As an author, you should remember that the main purpose of KWs is to complement title and author information in helping others to retrieve your paper from a printed or computer-searchable bibliography. Try to consider all types of potential readers, and how they might look for papers such as yours. Following the ten suggestions below will increase the chances that your KWs will be used by bibliographers, and useful to your intended audience.

• Use simple, specific noun phrases. Examples: `Variance estimator', not `Estimate the variance'; `Nonparametric test', not just `Nonparametric'; `Generalized exponential used in epidemiology' is better split into `Generalized exponential distribution' and `Epidemiology'; `Regression' alone may retrieve a dauntingly long list of papers; `Statistic' unmodified is next to useless.
• Do not repeat information already provided in the title. For example, `Weibull distribution' might be a good KW, but not if the title is `On the estimation of lifetimes when the underlying distribution is Weibull'.
• When possible, avoid plurals and posessives. For example, `Chebyshev polynomial' instead of `Chebyshev's polynomials'. But, some phrases are usually or inherently plural, such as `Order statistics' and `Multiple comparisons'.
• Try to avoid unnecessary prepositions, especially `of' and `in', except in standard phrases. Examples: `Data quality', not `Quality of data'; `Reliability', not `Theory of reliability'. But `Analysis of variance', `Goodness of fit', and `Errors-in-variables' are standard phrases not to be tampered with.
• Avoid acronyms. `ANOVA', `ARIMA', `SPRT', etc. are widely recognized among statisticians, but an acronym may fall out of favor over the years, and may be unknown to those in related fields or puzzling to beginners. In fact, if you feel that you must use an acronym in your title, try to give the full form as a KW.
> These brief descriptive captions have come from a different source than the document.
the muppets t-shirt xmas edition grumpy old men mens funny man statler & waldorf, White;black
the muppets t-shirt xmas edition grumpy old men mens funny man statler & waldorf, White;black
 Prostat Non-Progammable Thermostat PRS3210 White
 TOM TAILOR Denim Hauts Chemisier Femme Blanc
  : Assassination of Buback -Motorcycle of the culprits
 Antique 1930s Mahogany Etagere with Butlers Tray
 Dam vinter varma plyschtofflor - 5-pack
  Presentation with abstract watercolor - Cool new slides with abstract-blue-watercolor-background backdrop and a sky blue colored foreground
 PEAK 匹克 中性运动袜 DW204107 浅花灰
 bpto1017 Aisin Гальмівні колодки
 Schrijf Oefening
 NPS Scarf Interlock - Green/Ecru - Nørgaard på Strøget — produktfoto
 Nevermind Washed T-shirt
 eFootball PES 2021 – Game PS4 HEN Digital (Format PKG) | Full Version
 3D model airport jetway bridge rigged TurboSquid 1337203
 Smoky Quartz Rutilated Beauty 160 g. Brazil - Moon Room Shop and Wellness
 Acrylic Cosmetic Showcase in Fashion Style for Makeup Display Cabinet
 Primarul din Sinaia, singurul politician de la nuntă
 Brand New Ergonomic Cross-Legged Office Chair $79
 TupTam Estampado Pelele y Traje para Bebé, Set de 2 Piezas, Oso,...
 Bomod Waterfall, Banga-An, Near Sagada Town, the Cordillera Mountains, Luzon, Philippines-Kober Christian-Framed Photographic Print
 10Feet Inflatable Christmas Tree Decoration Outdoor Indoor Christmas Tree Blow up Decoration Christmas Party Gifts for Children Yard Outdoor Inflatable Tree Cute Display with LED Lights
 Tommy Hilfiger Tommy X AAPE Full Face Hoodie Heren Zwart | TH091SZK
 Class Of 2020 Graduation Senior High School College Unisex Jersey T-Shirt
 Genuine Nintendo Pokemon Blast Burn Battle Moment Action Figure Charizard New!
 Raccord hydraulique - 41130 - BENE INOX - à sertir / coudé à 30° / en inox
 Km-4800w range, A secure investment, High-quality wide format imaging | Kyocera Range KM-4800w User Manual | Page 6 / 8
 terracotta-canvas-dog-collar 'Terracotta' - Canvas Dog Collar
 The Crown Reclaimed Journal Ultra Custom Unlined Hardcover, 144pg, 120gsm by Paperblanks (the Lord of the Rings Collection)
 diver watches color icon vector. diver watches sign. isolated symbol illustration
• Spell out Greek letters and try to avoid mathematical symbols. There may be a very few ideas so well known by their mathematical notation as to be exceptions. But then try to provide an alternate non-symbolic KW in addition. Remember that it is usually not practical to do a computer search for mathematical notation.
• Include names of people only if they are truly part of established terminology, as in `Pitman efficiency', `Weibull distribution', `Polya urn model', etc. Avoid making a `Smith-Chen-Rao estimator' into a KW if this just refers to something from a paper in your reference section. Do not refer to a result of your own in this way unless the terminology is truly well-established; the paper is already retrievable by your name(s) because you are listed as author(s).
• Where applicable, include crucial mathematical or computer techniques (such as `Generating function', `Chebyshev inequality', `Monte Carlo', etc. used to derive the results), and statistical philosophy or approach (such as `Likelihood ratio test', `Bayes estimator', `Fiducial inference', or `Empirical Bayes').
• Where appropriate, note areas of applications (such as `Tumor growth', or `Labor force') and special attributes of the paper (such as a real-world `Dataset' which illustrates the present method and might be used to illustrate others, `Tables' that are of value beyond the exposition of the paper, or a useful `Computer algorithm' provided in the paper).
• Be especially alert to include alternate terminology. If a concept is, or has been, known by several terminologies, include any KW that might help a user doing a search across a span of time or from outside your subspecialty. This is perhaps the most difficult and the most important of the guidelines. Its implementation requires a wider view, and often benefits from consultation with knowledgeable colleagues.